С нетерпением ждали мы условленного часа и вылета Водопьянова. Зажгли сигнальный костер и стали жадно осматривать небо. Прошли установленные 45–50 минут, а его нет. Шесть пар глаз, [389] оставшихся в лагере Шмидта, жадно ищут в небе точку самолета. Но тщетно! Минуты тянутся и кажутся очень длинными. У нас уже зародилась тревожная мысль-не разбился ли Водопьянов. Было единственное общее желание: пусть заблудится, пусть имеет вынужденную посадку, только бы уцелел. Уж слишком обидно, операция заканчивалась без единой жертвы — и вдруг неудача. [390]

В установленный час связи с Ванкаремом мы узнали, что Водопьянов благополучно вернулся, не найдя нас. Оказывается, хмурый, вид капитана и мое предположение о перемене погоды имели основание. На пути к нам, между Ванкаремом и лагерем, образовалась масса разводий и майн, которые сбили Водопьянова с пути. Он, принял испарения за наш дымовой сигнал, отклонился в сторону, поискал нас, но не нашел и решил вернуться. Мы очень обрадовались, когда узнали, что он благополучно сел.

Тов.

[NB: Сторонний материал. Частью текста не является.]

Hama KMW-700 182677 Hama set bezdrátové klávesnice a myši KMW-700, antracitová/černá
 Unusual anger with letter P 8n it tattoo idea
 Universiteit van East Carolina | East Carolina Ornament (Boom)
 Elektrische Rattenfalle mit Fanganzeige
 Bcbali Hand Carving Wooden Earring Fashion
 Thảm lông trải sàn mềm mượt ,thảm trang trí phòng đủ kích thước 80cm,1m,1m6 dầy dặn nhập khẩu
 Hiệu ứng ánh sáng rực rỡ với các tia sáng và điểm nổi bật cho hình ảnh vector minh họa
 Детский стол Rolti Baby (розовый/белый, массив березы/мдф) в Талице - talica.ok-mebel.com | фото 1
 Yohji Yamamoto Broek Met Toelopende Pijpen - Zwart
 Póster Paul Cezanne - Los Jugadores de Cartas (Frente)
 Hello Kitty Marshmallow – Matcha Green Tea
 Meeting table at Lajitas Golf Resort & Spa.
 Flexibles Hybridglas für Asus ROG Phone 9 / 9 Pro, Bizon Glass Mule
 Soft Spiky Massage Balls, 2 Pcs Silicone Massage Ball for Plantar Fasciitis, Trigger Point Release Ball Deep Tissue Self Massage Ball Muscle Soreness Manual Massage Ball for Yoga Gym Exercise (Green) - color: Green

Петров, председатель чрезвычайной тройки, сообщил о подготовке вылета к нам целой эскадрильи из трех самолетов. Как: выяснилось потом, эта тройка была снабжена остатками бензина, и если бы и на этот раз они не нашли нас, то летные операции пришлось бы отложить на очень долгое время: ни в Ванкареме, ни в Уэллене горючего не было.

К счастью нашему, на этот раз в точно установленное время появился сначала Водопьянов, а затем Молоков с Каманиным. Последние пролетели над лагерем прямо к аэродрому, а Водопьянов задержался и стал на малой высоте делать круги, салютуя нам. Мы в свою очередь также отвечали салютом, но потом узнали от Водопьянова, что переусердствовали. Мы с Кренкелем не пожалели пороха и большую порцию подбросили в огонь. Костер мы сделали «мировой». Топлива не жалели, знали, что оно больше теперь никому не нужно. С каким-то непонятным ожесточением мы бросали в огонь все, что попадало под руки: чемоданы, одеяла, всякое барахло. Подкатили керосиновую бочку, смолу, — словом, дым, по заявлению Водопьянова, был виден за сто километров.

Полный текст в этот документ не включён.